Let’s look at the first method for determining or assigning VLAN membership:

Port-based — In this case, the port is assigned to a specific VLAN independent of the user or system attached to the port. This VLAN assignment is typically done by the network administrator and is not dynamic. In other words, the port cannot be automatically changed to another VLAN without the personal supervision and processing of the network administrator.

This approach is quite simple and fast, in that no complex lookup tables are required to achieve this VLAN segregation. If this port-to-VLAN association is done via ASICs, the performance is very good.
This approach is also very easy to manage, and a Graphical user Interface, or GUI, illustrating the VLAN-to-port association is normally intuitive for most users. As in other VLAN approaches, the packets within this port-based method do not leak into other VLAN domains on the network. The port is assigned to one and only one VLAN at any time, and no other packets from other VLANs will “bleed” into or out of this port.

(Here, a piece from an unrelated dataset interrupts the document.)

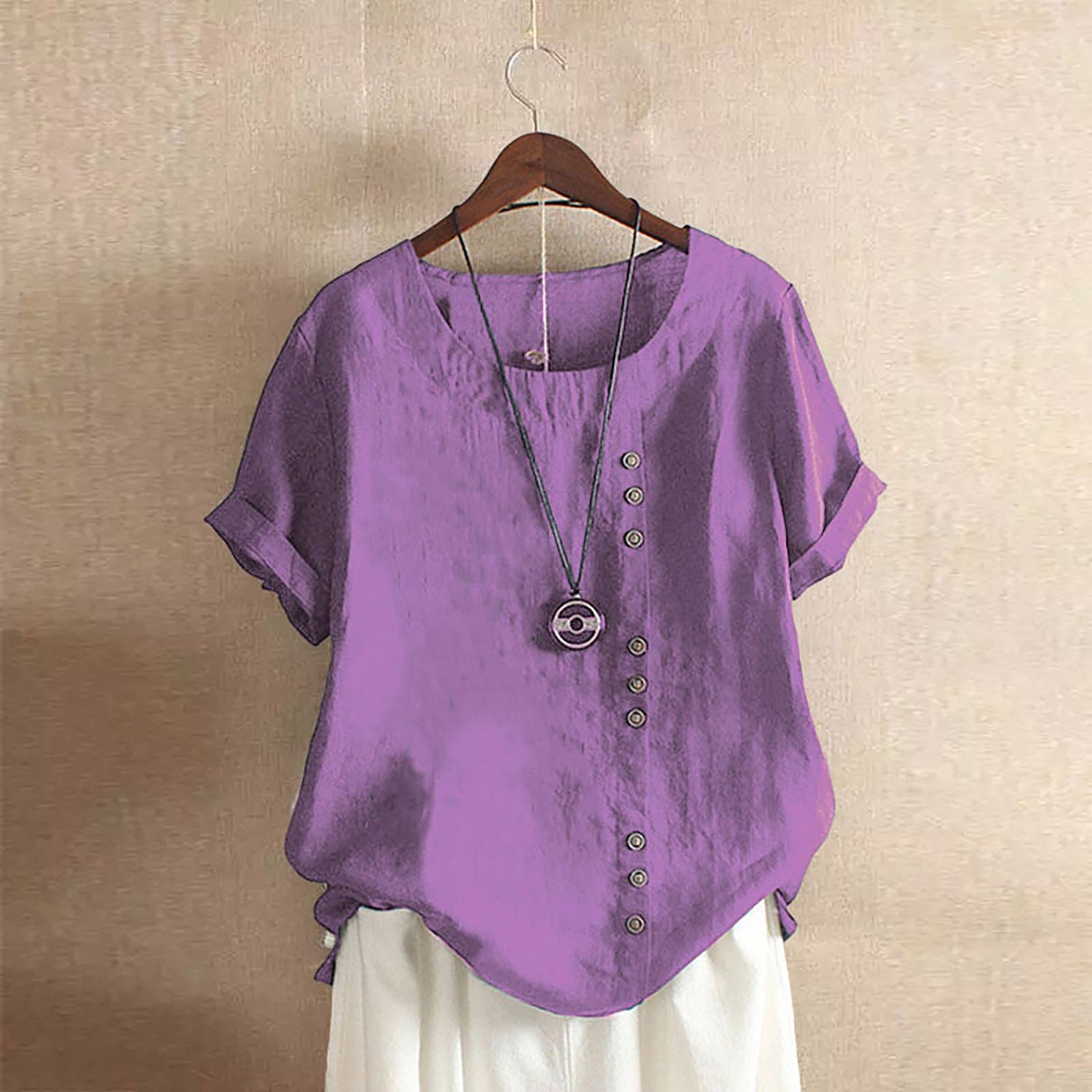 Women's casual linen blouse with convertible sleeves and button details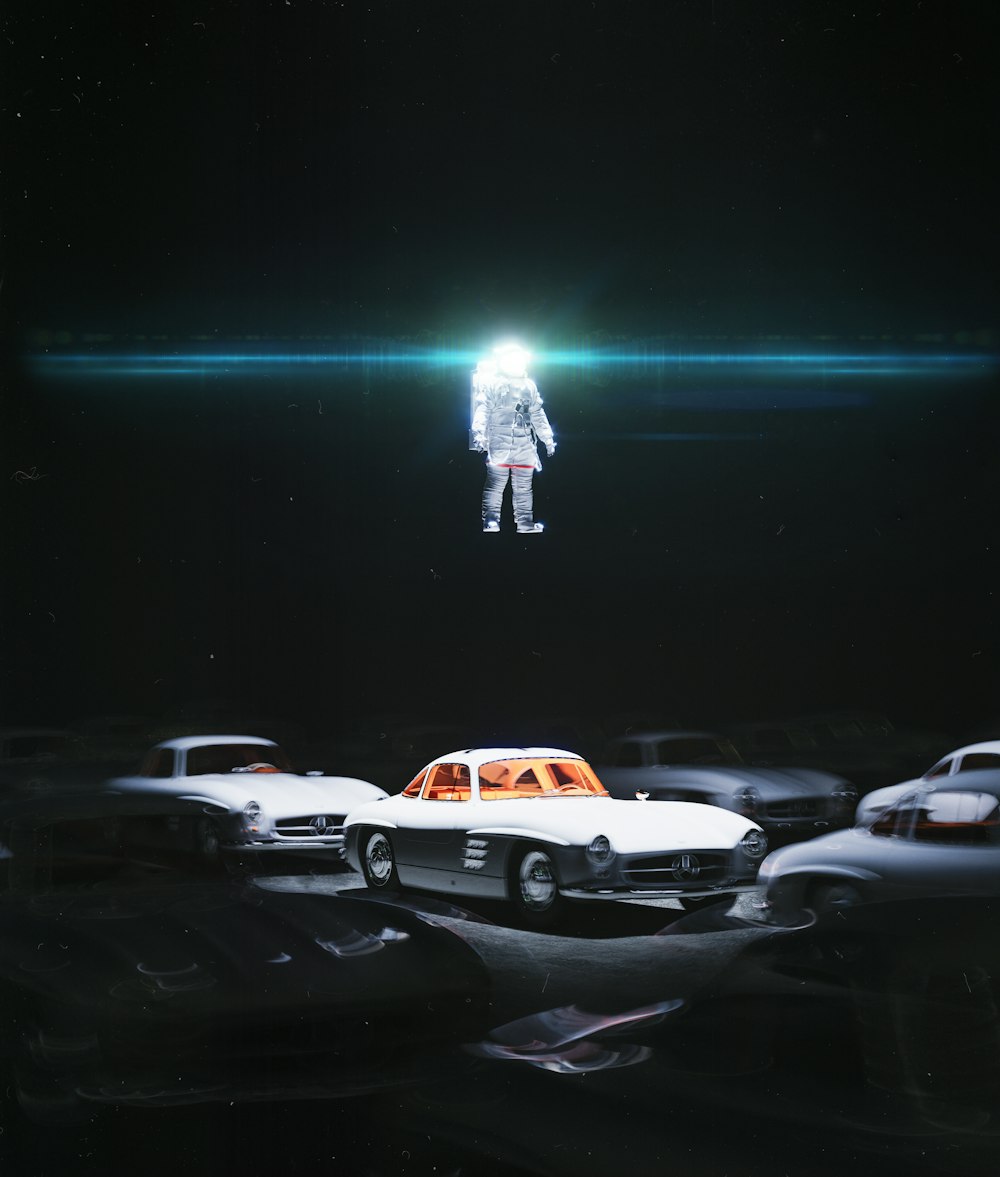 a car in a parking lot with an astronaut in the background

Membership by MAC Addresses

The other methods for determining VLAN membership provide more flexibility and are more “user-centric” than the port-based model. However, these methods are conducted with software in the switch and require more processing power and resources within the switches and the network. These solutions require a packet-by-packet lookup method that decreases the overall performance of the switch. (Software solutions do not run as fast as hardware/ASIC-based solutions.)

In the MAC-based model, the VLAN assignment is linked to the physical media address or MAC address of the system accessing the network. This approach provides enhanced security benefits of the more “open” port-based approach, because all MAC addresses are unique.
From an administrative aspect, the MAC-based approach requires slightly more work, because a VLAN membership table must be created for all of the users within each VLAN on the network. As a user attaches to a switch, the switch must verify and confirm the MAC address with a central/main table and place it into the proper VLAN.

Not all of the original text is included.